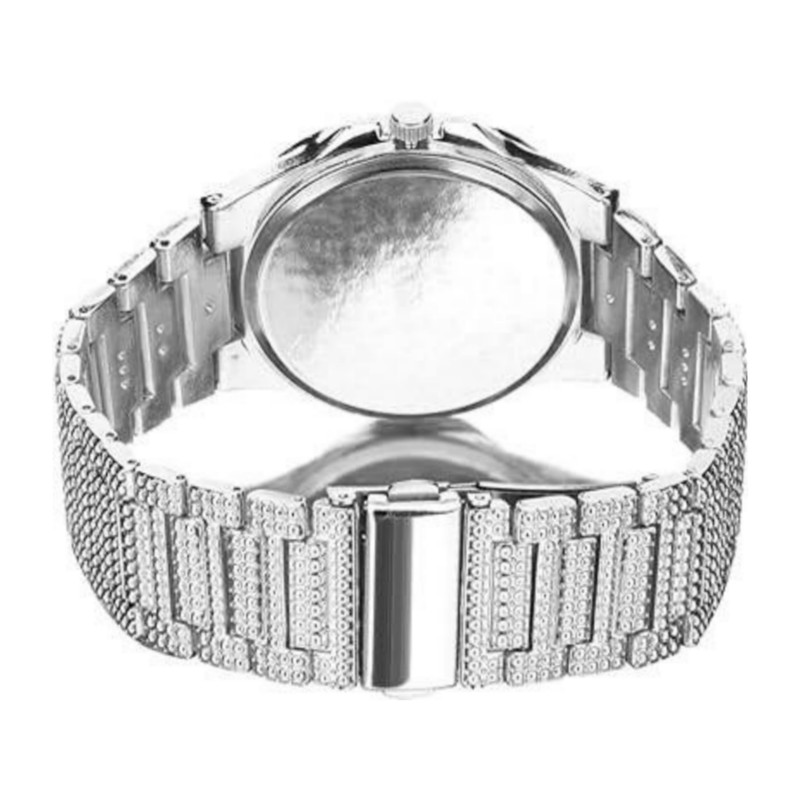 ساعت مچی عقربه ای زنانه مدل فول نگین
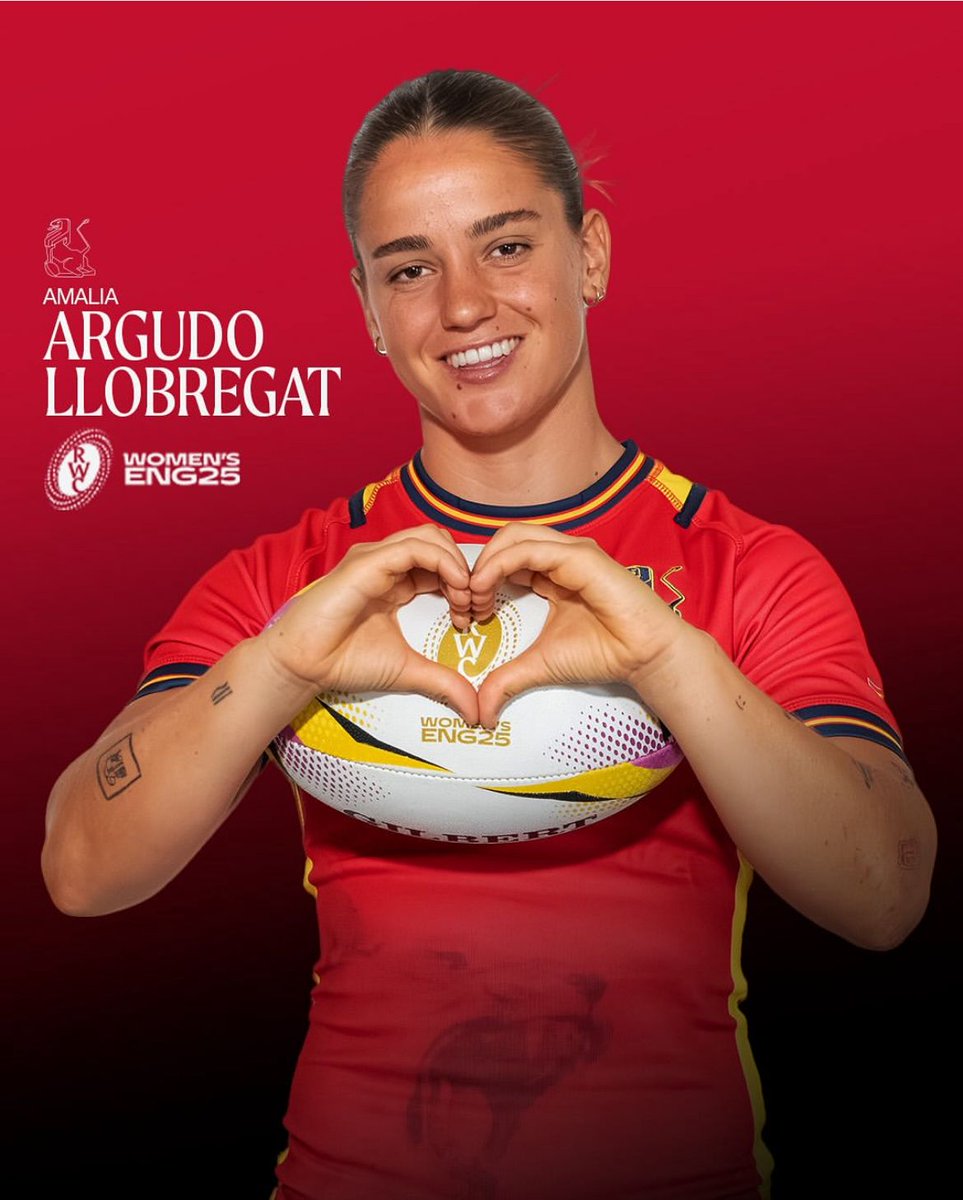 Avui volem felicitar a la nostra veïna <a href="/amalia_argudo/">Amalia Argudo Llobregat</a> pel seu debut al Mundial de Rugby, que se celebra a Anglaterra. La jugadora de #LasLeonas ha fet història.
Felicitats, campiona!
#orgullmontgatí #somesport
·····
● **Problem**: Beginning with the line that includes "Avui volem felicitar" and ending with the last line of the material, reproduce those lines exactly and nothing else, with no pictures.

● **Solved problem**:
 Avui volem felicitar a la nostra veïna <a href="/amalia_argudo/">Amalia Argudo Llobregat</a> pel seu debut al Mundial de Rugby, que se celebra a Anglaterra. La jugadora de #LasLeonas ha fet història.
Felicitats, campiona!
#orgullmontgatí #somesport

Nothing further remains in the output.